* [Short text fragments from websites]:
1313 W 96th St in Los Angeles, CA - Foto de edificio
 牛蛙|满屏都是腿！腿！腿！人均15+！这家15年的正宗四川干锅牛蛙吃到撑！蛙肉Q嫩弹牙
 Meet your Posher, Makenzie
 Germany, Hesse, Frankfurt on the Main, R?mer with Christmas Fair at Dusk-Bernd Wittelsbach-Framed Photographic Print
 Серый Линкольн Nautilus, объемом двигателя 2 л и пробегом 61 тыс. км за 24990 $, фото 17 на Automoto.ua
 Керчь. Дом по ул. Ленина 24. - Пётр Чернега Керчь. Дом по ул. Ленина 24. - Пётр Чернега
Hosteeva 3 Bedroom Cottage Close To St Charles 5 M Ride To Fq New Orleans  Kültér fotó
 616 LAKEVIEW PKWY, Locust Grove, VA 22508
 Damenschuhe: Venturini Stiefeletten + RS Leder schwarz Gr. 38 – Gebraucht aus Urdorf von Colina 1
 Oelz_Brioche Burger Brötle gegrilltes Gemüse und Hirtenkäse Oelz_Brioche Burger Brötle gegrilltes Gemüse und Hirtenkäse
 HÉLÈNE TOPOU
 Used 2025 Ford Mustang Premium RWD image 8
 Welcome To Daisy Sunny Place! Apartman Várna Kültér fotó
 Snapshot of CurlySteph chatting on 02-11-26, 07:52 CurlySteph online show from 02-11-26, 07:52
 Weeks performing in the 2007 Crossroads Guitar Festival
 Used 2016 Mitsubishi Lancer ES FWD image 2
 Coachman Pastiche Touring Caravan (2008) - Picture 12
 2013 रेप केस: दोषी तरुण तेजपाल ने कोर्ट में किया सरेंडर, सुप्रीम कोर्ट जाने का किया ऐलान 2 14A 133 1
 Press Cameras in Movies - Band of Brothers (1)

* [Task]:
Reproduce the records above in their entirety, unchanged.

* [Response]:
1313 W 96th St in Los Angeles, CA - Foto de edificio
 牛蛙|满屏都是腿！腿！腿！人均15+！这家15年的正宗四川干锅牛蛙吃到撑！蛙肉Q嫩弹牙
 Meet your Posher, Makenzie
 Germany, Hesse, Frankfurt on the Main, R?mer with Christmas Fair at Dusk-Bernd Wittelsbach-Framed Photographic Print
 Серый Линкольн Nautilus, объемом двигателя 2 л и пробегом 61 тыс. км за 24990 $, фото 17 на Automoto.ua
 Керчь. Дом по ул. Ленина 24. - Пётр Чернега Керчь. Дом по ул. Ленина 24. - Пётр Чернега
Hosteeva 3 Bedroom Cottage Close To St Charles 5 M Ride To Fq New Orleans  Kültér fotó
 616 LAKEVIEW PKWY, Locust Grove, VA 22508
 Damenschuhe: Venturini Stiefeletten + RS Leder schwarz Gr. 38 – Gebraucht aus Urdorf von Colina 1
 Oelz_Brioche Burger Brötle gegrilltes Gemüse und Hirtenkäse Oelz_Brioche Burger Brötle gegrilltes Gemüse und Hirtenkäse
 HÉLÈNE TOPOU
 Used 2025 Ford Mustang Premium RWD image 8
 Welcome To Daisy Sunny Place! Apartman Várna Kültér fotó
 Snapshot of CurlySteph chatting on 02-11-26, 07:52 CurlySteph online show from 02-11-26, 07:52
 Weeks performing in the 2007 Crossroads Guitar Festival
 Used 2016 Mitsubishi Lancer ES FWD image 2
 Coachman Pastiche Touring Caravan (2008) - Picture 12
 2013 रेप केस: दोषी तरुण तेजपाल ने कोर्ट में किया सरेंडर, सुप्रीम कोर्ट जाने का किया ऐलान 2 14A 133 1
 Press Cameras in Movies - Band of Brothers (1)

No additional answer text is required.